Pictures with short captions

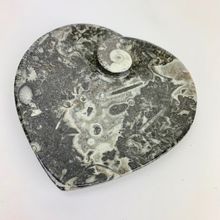 Fossil Heart Dish | 100mm | Morocco[ ]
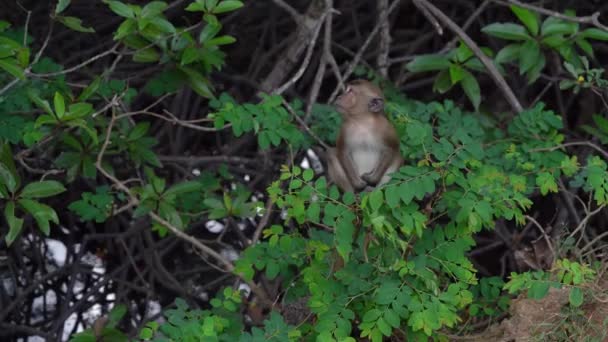 Jeune Macaque Longue Queue Assis Sur Une Branche Dessus Mangrove — Video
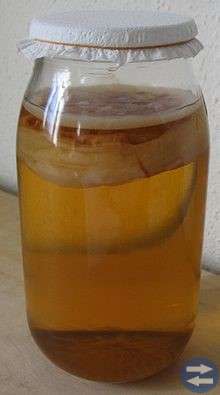 Te svamp -Kombucha (läs om på Internet)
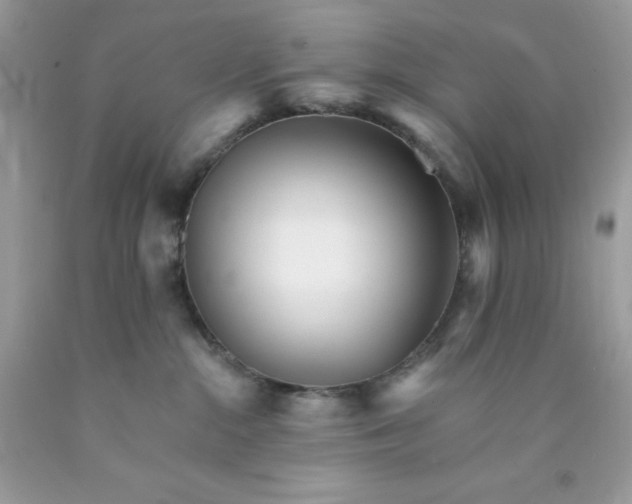 X0000089940284200707201910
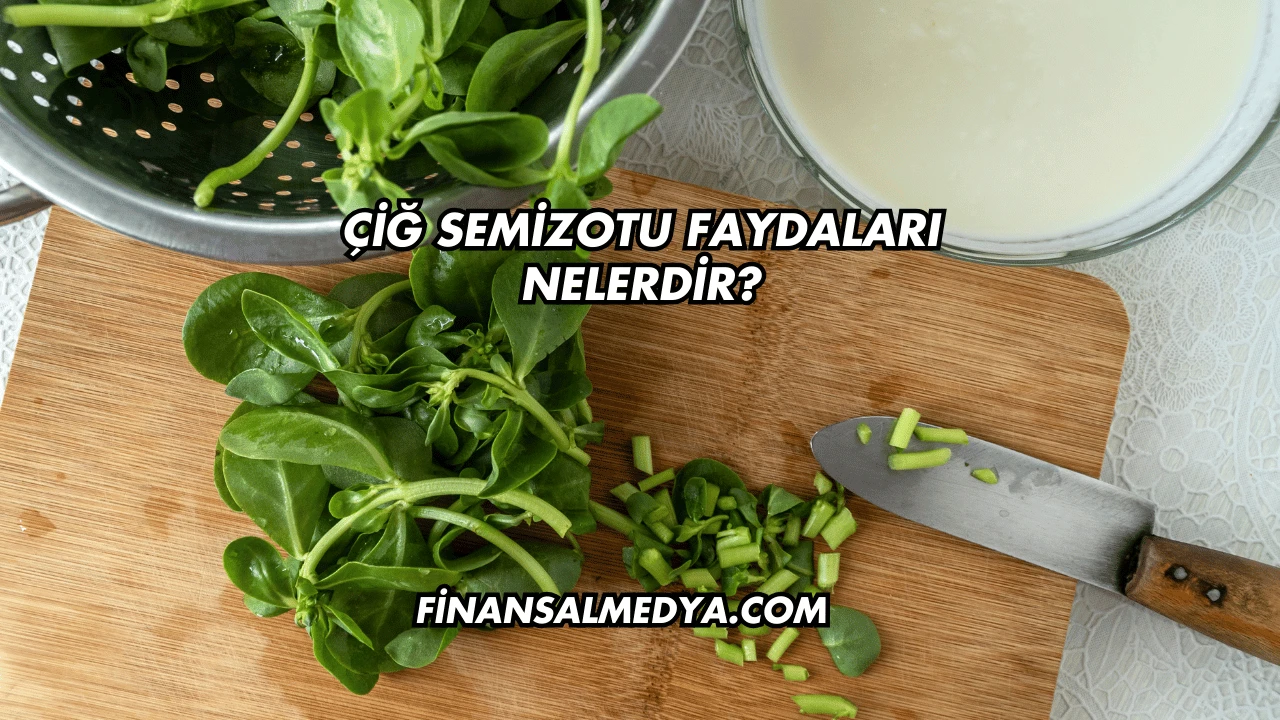 Çiğ Semizotu Faydaları Nelerdir?
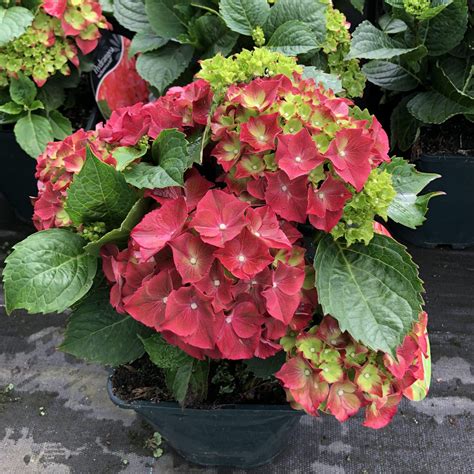 Hortensia plant in a garden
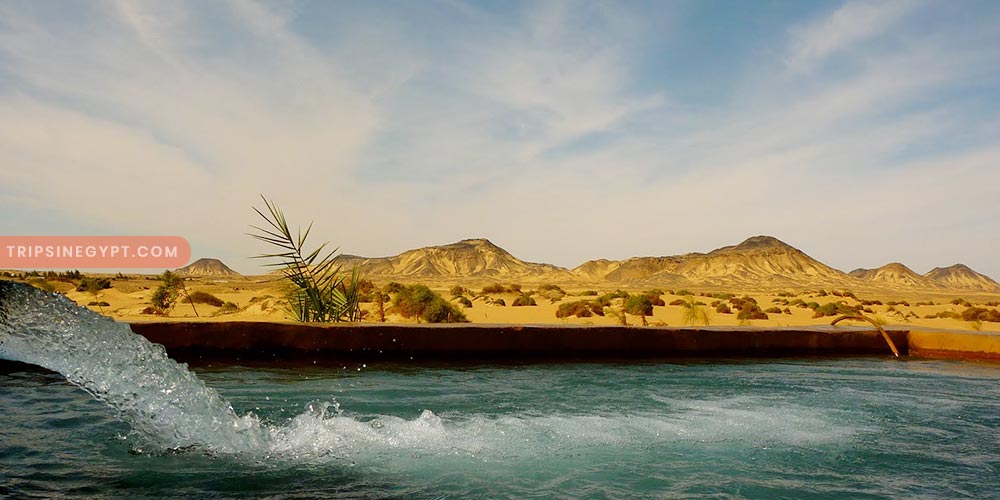 The Bahariya Oasis (4) - Trips in Egypt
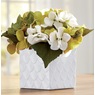 Hydrangea in Embossed Ceramic Pot, , large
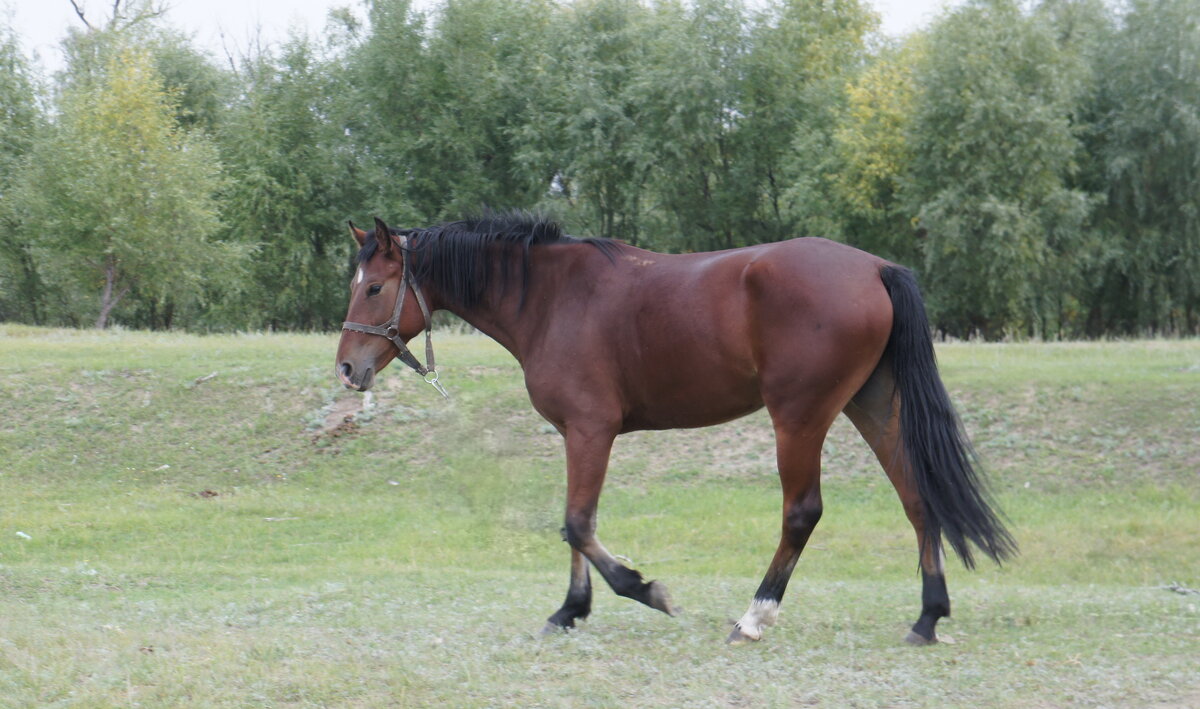 На фоне осени. - сергей ермошкин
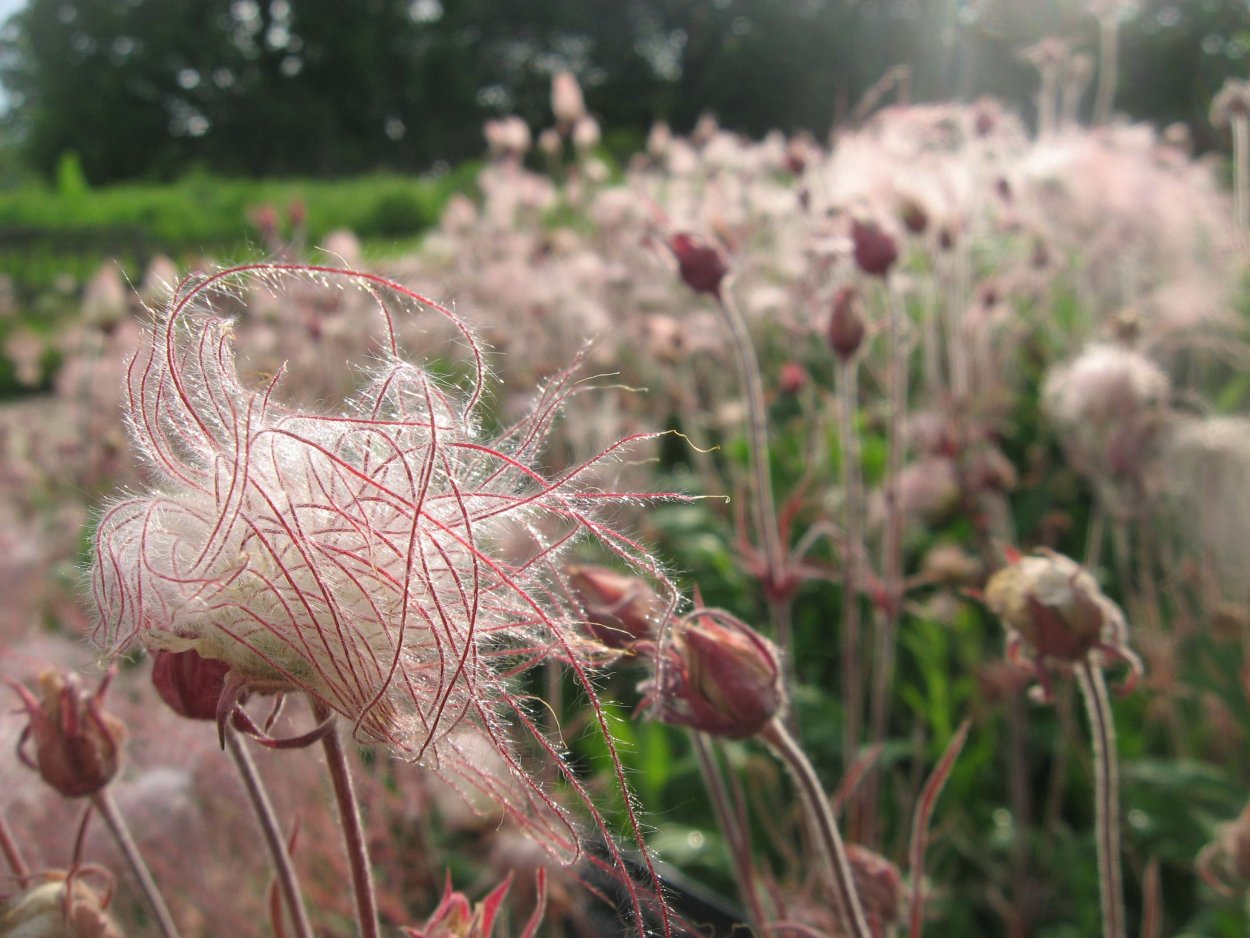 Гравилат роза прерий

- _Task objective_:
In the records, the line containing "The Bahariya Oasis (4) - Trips in Egypt" starts the span and the final line ends it. Output exactly that span, both ends included, with no pictures and nothing else.

- _Solved exercise_:
 The Bahariya Oasis (4) - Trips in Egypt
 Hydrangea in Embossed Ceramic Pot, , large
 На фоне осени. - сергей ермошкин
 Гравилат роза прерий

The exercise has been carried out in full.